“I signed a personal guarantee for my company with a credit provider. The company has defaulted on payments and the credit provider now sent me a notice demanding payment under the guarantee. However, they sent it to the company office and not to my domicile address as contained in the guarantee agreement. Does this mean that the demand is not valid as it was not sent to the right address?”
What you are referring to is typically termed a mode of delivery clause which stipulates where and by which form (fax, email, post, by hand etc.) parties may provide formal notices to each other to enforce aspects of their agreement.
As a general rule our law of contract demands specific adherence to the provisions of an agreement, which includes adherence to the provisions of a mode of delivery clause contained in an agreement. However, to determine whether non-compliance with such a mode of delivery clause invalidates a demand sent under a guarantee agreement, our Supreme Court of Appeal recently had to review the position in respect of such mode of delivery clauses.

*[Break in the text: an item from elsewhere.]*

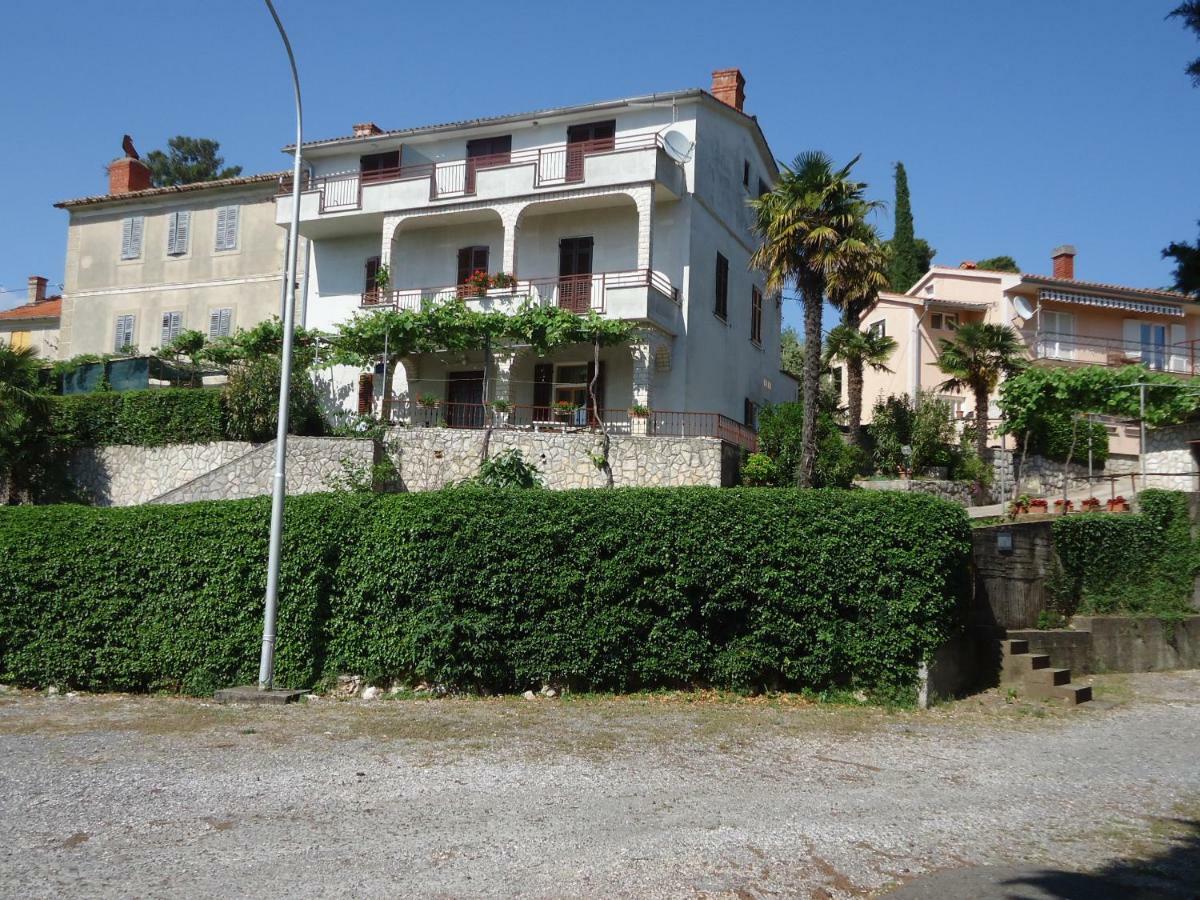 Apartments Matuc Malinska Luaran gambar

In the matter the court had to decide whether delivery of a notice of demand to a guarantor at an address other than the prescribed address in the mode of delivery clause contained in the contract, still constituted a valid demand. The court considered whether a mode of delivery clause in a contract should be interpreted strictly or prescriptively, or rather descriptively, meaning that the broader context should be considered and that it is not necessary for strict compliance.
The Supreme Court of Appeal found that in the current matter the mode of delivery clause was descriptive in nature and that as the demand was made and received even though not exactly as per the provisions of the mode of delivery clause, the demand was still valid as there was effective presentation of the demand to the guarantor.
This does not mean that mode of delivery clauses can therefore be ignored as the facts of each situation will determine the validity or not of a notice given. However, where there was effective presentation and receipt, our courts have now found that despite a lack of strict compliance, a notice of demand may still be valid.
In your situation therefore, it may be that there are grounds to argue that there was effective presentation of the demand despite non-adherence to the mode of delivery clause. Our advice is to consult your attorney and obtain advice regarding the correct action to be followed by you in respect of the demand and guarantee provided.